--- Stored data ---
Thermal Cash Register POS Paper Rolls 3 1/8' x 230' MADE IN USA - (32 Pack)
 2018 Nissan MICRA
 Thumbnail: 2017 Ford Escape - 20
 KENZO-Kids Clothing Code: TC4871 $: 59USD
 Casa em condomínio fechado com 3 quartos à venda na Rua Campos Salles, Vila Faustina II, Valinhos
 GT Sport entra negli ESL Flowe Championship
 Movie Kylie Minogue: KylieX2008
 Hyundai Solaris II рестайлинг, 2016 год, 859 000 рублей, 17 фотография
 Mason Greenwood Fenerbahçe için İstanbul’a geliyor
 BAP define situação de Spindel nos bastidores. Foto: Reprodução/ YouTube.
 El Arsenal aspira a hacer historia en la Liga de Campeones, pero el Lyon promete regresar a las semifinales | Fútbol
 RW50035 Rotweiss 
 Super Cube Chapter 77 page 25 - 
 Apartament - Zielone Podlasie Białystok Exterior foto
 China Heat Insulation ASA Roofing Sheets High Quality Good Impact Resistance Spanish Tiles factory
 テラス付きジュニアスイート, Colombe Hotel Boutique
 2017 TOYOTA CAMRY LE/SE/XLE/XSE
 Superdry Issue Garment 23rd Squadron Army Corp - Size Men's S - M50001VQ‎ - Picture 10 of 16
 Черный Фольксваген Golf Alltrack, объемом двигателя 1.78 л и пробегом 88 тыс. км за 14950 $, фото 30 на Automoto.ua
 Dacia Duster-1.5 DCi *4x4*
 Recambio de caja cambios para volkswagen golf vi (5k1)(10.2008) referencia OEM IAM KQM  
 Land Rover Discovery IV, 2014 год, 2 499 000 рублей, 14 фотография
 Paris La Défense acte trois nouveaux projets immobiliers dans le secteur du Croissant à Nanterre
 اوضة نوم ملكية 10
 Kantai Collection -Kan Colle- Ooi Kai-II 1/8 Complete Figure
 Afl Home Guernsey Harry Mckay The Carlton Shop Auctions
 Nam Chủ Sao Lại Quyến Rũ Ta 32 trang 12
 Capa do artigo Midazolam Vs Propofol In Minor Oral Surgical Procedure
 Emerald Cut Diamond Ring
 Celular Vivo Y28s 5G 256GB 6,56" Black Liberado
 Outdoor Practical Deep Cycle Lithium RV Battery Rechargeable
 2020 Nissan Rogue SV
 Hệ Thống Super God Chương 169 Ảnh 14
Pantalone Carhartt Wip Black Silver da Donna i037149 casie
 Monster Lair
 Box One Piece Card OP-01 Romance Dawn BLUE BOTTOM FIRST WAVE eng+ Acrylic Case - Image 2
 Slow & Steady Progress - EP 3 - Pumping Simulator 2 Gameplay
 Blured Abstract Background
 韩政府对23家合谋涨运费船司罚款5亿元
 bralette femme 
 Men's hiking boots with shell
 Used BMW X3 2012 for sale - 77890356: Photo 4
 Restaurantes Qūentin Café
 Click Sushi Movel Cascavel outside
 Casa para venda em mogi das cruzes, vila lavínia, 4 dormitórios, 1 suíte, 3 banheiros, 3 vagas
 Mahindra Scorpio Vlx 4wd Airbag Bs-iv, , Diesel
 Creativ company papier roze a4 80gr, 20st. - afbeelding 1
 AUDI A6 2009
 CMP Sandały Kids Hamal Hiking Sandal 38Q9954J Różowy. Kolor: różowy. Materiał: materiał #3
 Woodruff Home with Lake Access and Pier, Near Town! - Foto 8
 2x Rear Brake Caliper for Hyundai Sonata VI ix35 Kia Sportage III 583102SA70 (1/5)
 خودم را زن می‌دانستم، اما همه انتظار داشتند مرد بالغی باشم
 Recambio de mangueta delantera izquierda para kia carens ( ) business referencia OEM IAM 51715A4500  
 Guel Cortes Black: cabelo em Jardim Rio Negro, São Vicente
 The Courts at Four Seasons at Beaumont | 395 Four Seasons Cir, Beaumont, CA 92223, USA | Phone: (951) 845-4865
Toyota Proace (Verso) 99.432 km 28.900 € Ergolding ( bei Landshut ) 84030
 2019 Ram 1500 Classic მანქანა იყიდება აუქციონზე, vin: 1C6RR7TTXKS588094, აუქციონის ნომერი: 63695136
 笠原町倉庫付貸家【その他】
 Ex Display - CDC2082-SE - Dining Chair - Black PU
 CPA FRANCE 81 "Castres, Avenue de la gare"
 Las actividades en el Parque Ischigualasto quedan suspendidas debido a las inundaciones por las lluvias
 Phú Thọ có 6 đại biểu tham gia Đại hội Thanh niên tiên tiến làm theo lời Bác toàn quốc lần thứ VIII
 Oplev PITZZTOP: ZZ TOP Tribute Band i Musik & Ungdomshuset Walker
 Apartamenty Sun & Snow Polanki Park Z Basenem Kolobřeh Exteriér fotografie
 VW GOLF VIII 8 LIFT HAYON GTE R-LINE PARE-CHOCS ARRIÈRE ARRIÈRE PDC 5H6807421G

--- Instructions to follow ---
Using the records above, restate word for word the lines from the one with "Movie Kylie Minogue: KylieX2008" through the one with "Hệ Thống Super God Chương 169 Ảnh 14", both included.

--- Response to the exercise ---
 Movie Kylie Minogue: KylieX2008
 Hyundai Solaris II рестайлинг, 2016 год, 859 000 рублей, 17 фотография
 Mason Greenwood Fenerbahçe için İstanbul’a geliyor
 BAP define situação de Spindel nos bastidores. Foto: Reprodução/ YouTube.
 El Arsenal aspira a hacer historia en la Liga de Campeones, pero el Lyon promete regresar a las semifinales | Fútbol
 RW50035 Rotweiss 
 Super Cube Chapter 77 page 25 - 
 Apartament - Zielone Podlasie Białystok Exterior foto
 China Heat Insulation ASA Roofing Sheets High Quality Good Impact Resistance Spanish Tiles factory
 テラス付きジュニアスイート, Colombe Hotel Boutique
 2017 TOYOTA CAMRY LE/SE/XLE/XSE
 Superdry Issue Garment 23rd Squadron Army Corp - Size Men's S - M50001VQ‎ - Picture 10 of 16
 Черный Фольксваген Golf Alltrack, объемом двигателя 1.78 л и пробегом 88 тыс. км за 14950 $, фото 30 на Automoto.ua
 Dacia Duster-1.5 DCi *4x4*
 Recambio de caja cambios para volkswagen golf vi (5k1)(10.2008) referencia OEM IAM KQM  
 Land Rover Discovery IV, 2014 год, 2 499 000 рублей, 14 фотография
 Paris La Défense acte trois nouveaux projets immobiliers dans le secteur du Croissant à Nanterre
 اوضة نوم ملكية 10
 Kantai Collection -Kan Colle- Ooi Kai-II 1/8 Complete Figure
 Afl Home Guernsey Harry Mckay The Carlton Shop Auctions
 Nam Chủ Sao Lại Quyến Rũ Ta 32 trang 12
 Capa do artigo Midazolam Vs Propofol In Minor Oral Surgical Procedure
 Emerald Cut Diamond Ring
 Celular Vivo Y28s 5G 256GB 6,56" Black Liberado
 Outdoor Practical Deep Cycle Lithium RV Battery Rechargeable
 2020 Nissan Rogue SV
 Hệ Thống Super God Chương 169 Ảnh 14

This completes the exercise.